Food chain wants to grow fast

2020-12-16 中國貿易新聞網

Micky Pant, CEO of Yum China, makes a speech at the opening ceremony of Taco Bell's Shanghai restaurant in January. [Photo provided to China Daily]


Led by Micky Pant, Yum China finalizes expansion plan

Even with a track record of setting up nearly 600 restaurants per year in China, and managing around 7,500 KFC, Pizza Hut, Little Sheep and East Dawning stores in the country, Micky Pant, chief executive officer of Yum China Holdings Inc, remains cautiously optimistic about the comeback of Taco Bell, the Mexican-themed chain under the fast-food giant.

Pant, who steers the company behind labels such as KFC and Pizza Hut in China, believes that time is ripe to test diners' appetite for nachos and cheese.

"We choose Lujiazui, the financial hub of Shanghai, to open the first store because it is a combination of travelers, businessmen and the young, making it an ideal place to find out who is attracted to Taco Bell," said Pant.

KFC and Pizza Hut restaurants, found across Chinese cities, had powered parent Yum Brands' local unit's growth for long by fulfilling local consumer demand for a taste of Americana.

With a revenue of $6.75 billion in 2016, Yum China retains the largest market share in the fast-food segment, according to consultancy Euromonitor International.

As domestic competition intensifies and the rising middle class seek healthier and go beyond Western fast food for fine-dining experiences, Yum China is rethinking its China strategy.

It spun off its Chinese entities into a licensee through an initial public offering on the New York Stock Exchange in November 2016. The float plan, according to Pant, will give Yum China the flexibility to react to the fast-changing market, and gain extra momentum for expansion.

The fourth quarter of 2016 alone saw Yum China add 302 new restaurants, accounting for more than half of the 575 new outlets it opened last year; it also posted an operating profit of $75 million, or 17 cents per share, beating analyst expectations.

Pant is known to seize opportunities in a country where development phases vary.
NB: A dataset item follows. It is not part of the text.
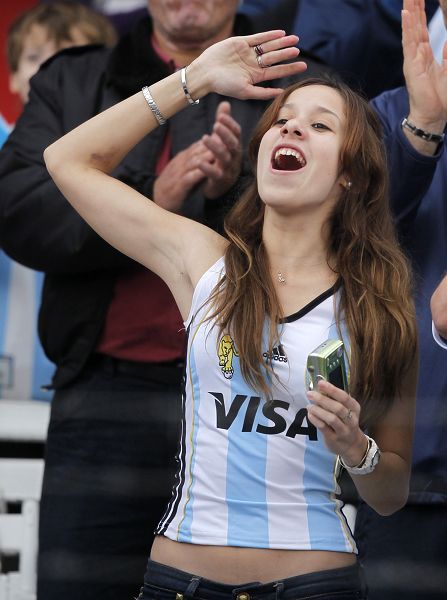 阿根廷美女球迷跃跃欲试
Top-tier cities like Shanghai are ideal testing grounds for new brands to get a better reading of the market. And thousands of newly constructed cities would help its massive expansion plan and boost sales.

Pant travels a lot across the country, and is a fan of Chinese food. But he's most impressed by the scale and quality of "world-class" infrastructure like airports, high-speed rail lines and new trade zones, which persuaded Yum China to set up shops in over 1,100 cities.
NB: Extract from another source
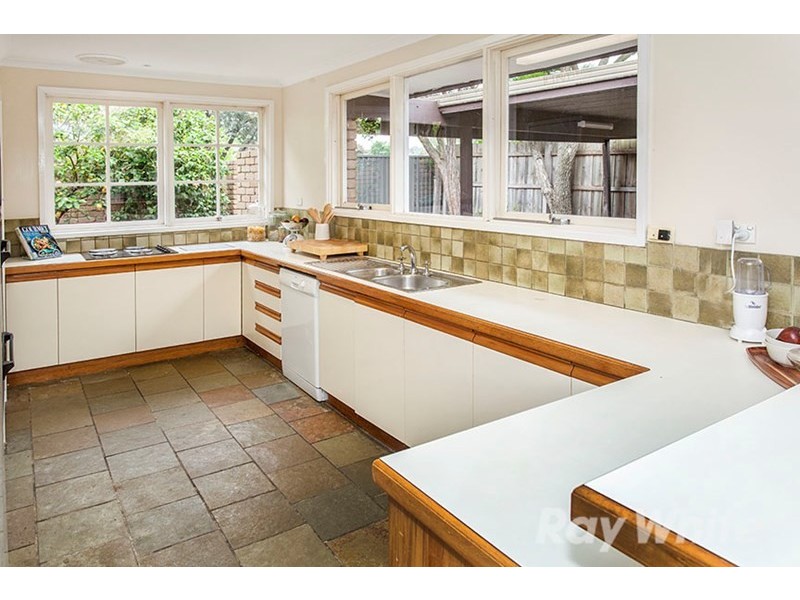 17 Ainslie Drive, Wheelers Hill VIC 3150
More importantly, it has set for itself an ambitious goal: 600 new stores per year in the coming five years. "Now we have 7,500 stores in China, but in the United States we have more than double the number of restaurants for one-fourth of the population. So we sense a lot of growth opportunities here," Pant said.

Another strategic priority for Yum China is to deliver positive same-store sales growth. Apart from restaurant remodels, the firm has embraced digital channels for sales and delivery services, and introduced cashless payment methods by teaming up with China's ubiquitous e-wallet service providers Alipay and WeChat Pay.

Taco Bell is enticing customers with coupons on public WeChat accounts, a common practice in digital marketing in China. "Customers here are so well-informed and use cellphones intelligently to decide where to eat and find discount coupons."

Yum is also investing heavily in logistics like courier services. It runs the largest food delivery business in the sector and hosts 20,000 delivery drivers in China.

Small wonder, 17 percent of the firm's sales went through mobile payments, and delivery accounted for 10 percent of its business.

Meanwhile, competitors have been quick to wrest market share by meeting consumer demand for fresher and healthier food in Asian flavors. According to market research firm Mintel, tangbao (steamed dumplings), Japanese noodles and steamed-rice meals are quickly gaining momentum in China.

To fend off competition, Pant is leading the team to improve food offerings to make them contemporary and nutritious. For instance, KFC in China has the most dishes on menu across the world, serving congee breakfast and including a lot of vegetable and rice dishes.

The new Taco Bell store in Shanghai features an open-concept kitchen that puts its ingredients and food preparation processes in full view of the diners.

"For all the challenges, you can look at them as opportunities. Our biggest challenge is how fast can we grow here," Pant said.